DEĞİŞİK

1.2K 6 0
                                    

        Küçük yaşta annesini kaybetmiş, cici annesi tarafından büyütülmüş. On sekiz yaşına gelince de evlendirilmiş. İki çocuk sahibi oluyor, kendince büyütüyor onları. Büyük olanı okuyup bir meslek sahibi oluyor, küçüğü işe yaramaz bir hazır yiyici. Yıllar geçerken hep aynı şeyler dilinde kadının:

-" Ben üveyim ya, bana bir şey yapılmadı ama, kendi kızına çifter çifter alındı her şey. Beni hep ayırdı. Babamı da kendine çevirdi, ağzı dili bağlı. Onu da öldürdü şimdi rahat artık. Ev satıldı onlara yirmi bin verdi, bana beş yüz lira. Sanki ben o babanın çocuğu değilim, vs., vs....."

İkinci anneden bir kız, bir erkek kardeşi olmuş. Her vakit onlara her şeyin hazır verildiğini, kendinin ise hep zorluk çektiğini anlatıyor, başa alınan plak gibi durmadan aynı laflar.

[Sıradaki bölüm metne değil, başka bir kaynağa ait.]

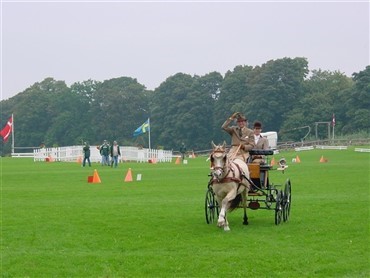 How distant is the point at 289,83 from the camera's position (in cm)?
10931

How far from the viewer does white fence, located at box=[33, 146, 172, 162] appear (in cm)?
6719

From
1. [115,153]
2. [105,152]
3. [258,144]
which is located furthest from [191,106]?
[258,144]

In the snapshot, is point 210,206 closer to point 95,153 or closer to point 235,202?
point 235,202

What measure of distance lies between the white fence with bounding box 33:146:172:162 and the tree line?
37509mm

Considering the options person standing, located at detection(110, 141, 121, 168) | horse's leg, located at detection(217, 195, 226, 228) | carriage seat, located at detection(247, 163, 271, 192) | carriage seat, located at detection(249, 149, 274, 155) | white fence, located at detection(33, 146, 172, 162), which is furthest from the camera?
white fence, located at detection(33, 146, 172, 162)

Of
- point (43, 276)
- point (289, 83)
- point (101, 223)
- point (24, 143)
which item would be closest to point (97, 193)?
point (101, 223)

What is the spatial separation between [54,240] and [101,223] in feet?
8.94

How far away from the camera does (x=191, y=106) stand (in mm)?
116312

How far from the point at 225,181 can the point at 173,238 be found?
1.94 metres

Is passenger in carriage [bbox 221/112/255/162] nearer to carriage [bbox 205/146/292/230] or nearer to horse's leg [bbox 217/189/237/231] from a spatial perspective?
carriage [bbox 205/146/292/230]

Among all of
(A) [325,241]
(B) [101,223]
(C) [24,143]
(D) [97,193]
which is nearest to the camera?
(A) [325,241]

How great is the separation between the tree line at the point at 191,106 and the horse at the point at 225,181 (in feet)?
278

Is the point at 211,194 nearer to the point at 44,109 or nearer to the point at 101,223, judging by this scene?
the point at 101,223

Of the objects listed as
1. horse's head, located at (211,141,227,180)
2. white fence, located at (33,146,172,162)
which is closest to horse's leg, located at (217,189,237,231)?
horse's head, located at (211,141,227,180) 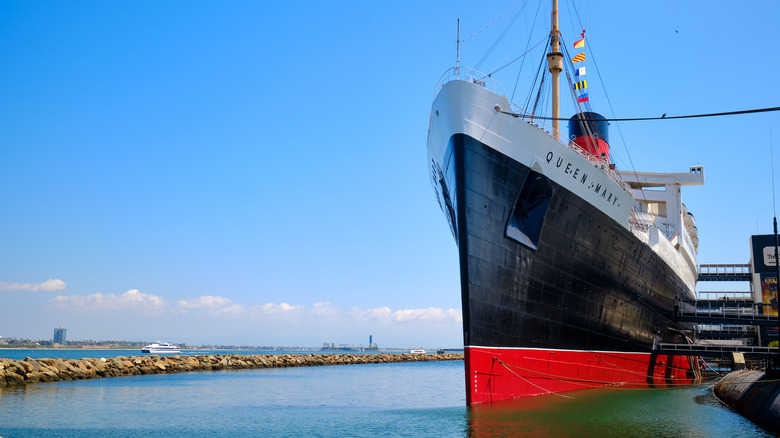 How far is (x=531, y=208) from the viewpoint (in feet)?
50.6

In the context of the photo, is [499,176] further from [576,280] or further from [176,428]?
[176,428]

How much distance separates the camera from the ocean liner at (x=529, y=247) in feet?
46.5

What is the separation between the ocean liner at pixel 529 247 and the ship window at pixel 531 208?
0.03 metres

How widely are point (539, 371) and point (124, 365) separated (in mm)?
29163

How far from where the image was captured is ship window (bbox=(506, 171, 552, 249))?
49.7ft

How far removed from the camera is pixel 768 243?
5288 cm

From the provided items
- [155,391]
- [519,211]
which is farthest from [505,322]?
[155,391]

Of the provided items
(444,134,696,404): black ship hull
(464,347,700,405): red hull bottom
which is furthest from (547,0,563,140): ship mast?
(464,347,700,405): red hull bottom

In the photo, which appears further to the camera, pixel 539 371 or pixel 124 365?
pixel 124 365

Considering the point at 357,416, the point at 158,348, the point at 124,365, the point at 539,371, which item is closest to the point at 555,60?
the point at 539,371

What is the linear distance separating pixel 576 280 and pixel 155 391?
18.0 metres

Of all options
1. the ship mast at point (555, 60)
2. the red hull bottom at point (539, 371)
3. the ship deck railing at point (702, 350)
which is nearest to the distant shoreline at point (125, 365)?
the red hull bottom at point (539, 371)

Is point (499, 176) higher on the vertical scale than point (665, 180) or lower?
lower

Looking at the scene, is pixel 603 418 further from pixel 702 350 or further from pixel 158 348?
pixel 158 348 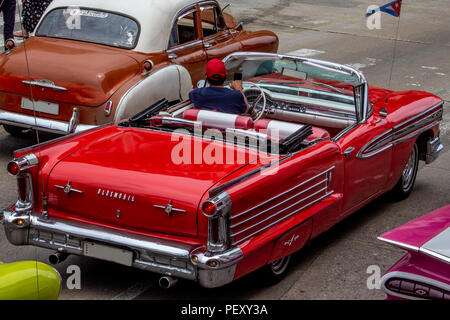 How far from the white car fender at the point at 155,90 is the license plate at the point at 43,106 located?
25.5 inches

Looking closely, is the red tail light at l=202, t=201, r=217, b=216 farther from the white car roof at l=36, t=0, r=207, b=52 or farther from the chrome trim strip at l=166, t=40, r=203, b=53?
the chrome trim strip at l=166, t=40, r=203, b=53

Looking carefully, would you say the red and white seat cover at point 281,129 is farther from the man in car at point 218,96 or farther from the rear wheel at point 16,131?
the rear wheel at point 16,131

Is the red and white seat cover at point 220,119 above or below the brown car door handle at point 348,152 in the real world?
above

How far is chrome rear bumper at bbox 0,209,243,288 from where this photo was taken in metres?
4.78

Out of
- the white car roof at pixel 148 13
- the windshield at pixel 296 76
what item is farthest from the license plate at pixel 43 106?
the windshield at pixel 296 76

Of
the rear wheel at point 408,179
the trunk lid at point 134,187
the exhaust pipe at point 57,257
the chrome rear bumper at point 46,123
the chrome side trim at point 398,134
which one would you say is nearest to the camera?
the trunk lid at point 134,187

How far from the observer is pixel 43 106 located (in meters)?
7.84

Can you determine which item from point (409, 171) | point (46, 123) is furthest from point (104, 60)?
point (409, 171)

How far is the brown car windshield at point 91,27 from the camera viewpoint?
862 centimetres

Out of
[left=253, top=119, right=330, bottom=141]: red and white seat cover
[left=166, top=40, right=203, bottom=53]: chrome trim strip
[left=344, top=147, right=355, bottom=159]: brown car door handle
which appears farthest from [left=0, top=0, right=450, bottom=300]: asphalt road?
[left=166, top=40, right=203, bottom=53]: chrome trim strip

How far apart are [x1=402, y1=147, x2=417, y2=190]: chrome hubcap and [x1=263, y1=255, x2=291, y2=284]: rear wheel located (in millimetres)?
2190

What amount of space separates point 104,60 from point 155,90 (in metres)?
0.61

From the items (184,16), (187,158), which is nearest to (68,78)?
(184,16) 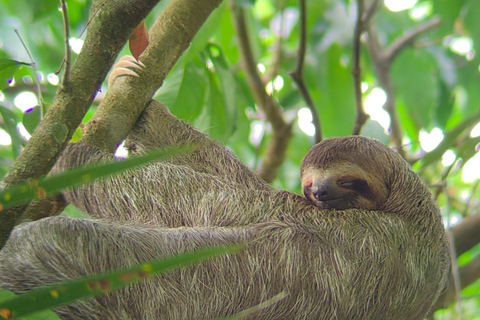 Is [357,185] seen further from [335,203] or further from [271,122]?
[271,122]

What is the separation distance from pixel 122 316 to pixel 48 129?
142 centimetres

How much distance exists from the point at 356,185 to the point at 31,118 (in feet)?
9.10

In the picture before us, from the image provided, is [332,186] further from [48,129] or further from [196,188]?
[48,129]

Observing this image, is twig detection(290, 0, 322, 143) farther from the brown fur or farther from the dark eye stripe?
the dark eye stripe

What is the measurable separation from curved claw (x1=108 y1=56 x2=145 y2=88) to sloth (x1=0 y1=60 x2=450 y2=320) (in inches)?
16.0

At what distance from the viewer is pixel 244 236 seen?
166 inches

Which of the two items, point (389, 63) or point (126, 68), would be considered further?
point (389, 63)

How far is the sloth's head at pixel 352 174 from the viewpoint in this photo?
15.2 ft

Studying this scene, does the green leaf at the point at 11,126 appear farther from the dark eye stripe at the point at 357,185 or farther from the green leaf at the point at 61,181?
the green leaf at the point at 61,181

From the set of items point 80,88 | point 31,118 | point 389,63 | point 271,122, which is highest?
point 389,63

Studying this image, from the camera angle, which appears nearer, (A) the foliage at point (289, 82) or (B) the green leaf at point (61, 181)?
(B) the green leaf at point (61, 181)

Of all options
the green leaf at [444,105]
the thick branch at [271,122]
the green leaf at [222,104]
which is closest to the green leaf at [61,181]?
the green leaf at [222,104]

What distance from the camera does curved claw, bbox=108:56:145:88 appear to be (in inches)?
175

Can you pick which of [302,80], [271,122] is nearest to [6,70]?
[302,80] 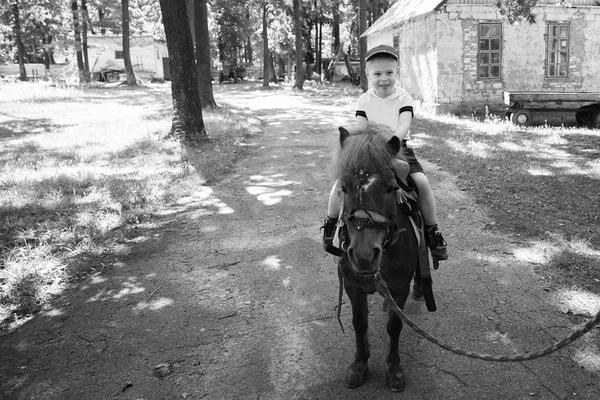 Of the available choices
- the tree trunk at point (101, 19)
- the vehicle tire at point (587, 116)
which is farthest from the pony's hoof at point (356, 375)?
the tree trunk at point (101, 19)

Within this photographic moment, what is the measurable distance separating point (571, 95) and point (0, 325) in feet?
51.8

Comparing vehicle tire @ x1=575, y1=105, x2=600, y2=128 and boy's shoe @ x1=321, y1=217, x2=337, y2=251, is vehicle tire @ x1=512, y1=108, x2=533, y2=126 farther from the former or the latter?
boy's shoe @ x1=321, y1=217, x2=337, y2=251

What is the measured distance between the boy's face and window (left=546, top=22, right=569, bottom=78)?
17066 millimetres

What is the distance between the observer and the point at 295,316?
13.4 feet

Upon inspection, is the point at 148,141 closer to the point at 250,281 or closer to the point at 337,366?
the point at 250,281

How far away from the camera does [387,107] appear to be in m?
3.79

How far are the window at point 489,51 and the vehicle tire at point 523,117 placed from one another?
A: 3573 mm

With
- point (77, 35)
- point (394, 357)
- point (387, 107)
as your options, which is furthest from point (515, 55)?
point (77, 35)

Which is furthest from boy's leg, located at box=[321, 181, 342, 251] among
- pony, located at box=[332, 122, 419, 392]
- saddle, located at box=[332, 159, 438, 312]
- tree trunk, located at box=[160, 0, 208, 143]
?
tree trunk, located at box=[160, 0, 208, 143]

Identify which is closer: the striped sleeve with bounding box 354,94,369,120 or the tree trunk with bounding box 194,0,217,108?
the striped sleeve with bounding box 354,94,369,120

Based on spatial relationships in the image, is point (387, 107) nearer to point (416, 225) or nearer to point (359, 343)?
point (416, 225)

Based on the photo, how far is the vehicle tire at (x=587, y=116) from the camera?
14.6 meters

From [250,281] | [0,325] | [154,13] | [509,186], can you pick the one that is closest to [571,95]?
[509,186]

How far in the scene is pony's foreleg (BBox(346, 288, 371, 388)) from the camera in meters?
3.14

      Zaman geçiyor aynısını kendi öz çocuğuna yapıyor. Nasıl mı?! Küçük çocuğu istese canını bile verecek ama, büyüğe bir şey olmaz. O uğraşıp didinip her şeyin üstesinden gelir. Para da kazanıyor. Dolayısıyla onun hakkını da küçüğe verebilir, ziyanı yok! Önemli olan küçüğün iyi olması. 

      İlginçtir ki bu nasıl bir psikolojik rahatsızlıksa, kendi yaşadığı üvey evlat muamelesini, kendi öz çocuklarını ayırıp büyük çocuğuna yapıyor. İnsan gerçekten tuhaf bir varlık. Sen yıllarca üvey anne şunu yaptı, bunu yaptı diye anlatıp dur, kendini acındır. Sonra da aynı şeyi öz evladına reva gör. Hadi o üvey, sen öz annesin, sen niye yaptın?!

      Büyük çocuk bir ara evlatlık mı alındım diye şüpheye düşüyor. Epey bir araştırıyor, yok öyle bir durum da. Annesi ile babasının büyük aşkının ilk çocuğu. Neden?! Bu soruya cevap arasa da, cevap bulamıyor. Dünya deyip geçiyor. Herkes farklı farklı da gördüğü muamele can acıtıcı. Öz annenin evladından vazgeçmesi. Zamanla bunu da kabulleniyor ve annesini biricik evladıyla baş başa bırakıp çekiliyor. Değişik işte..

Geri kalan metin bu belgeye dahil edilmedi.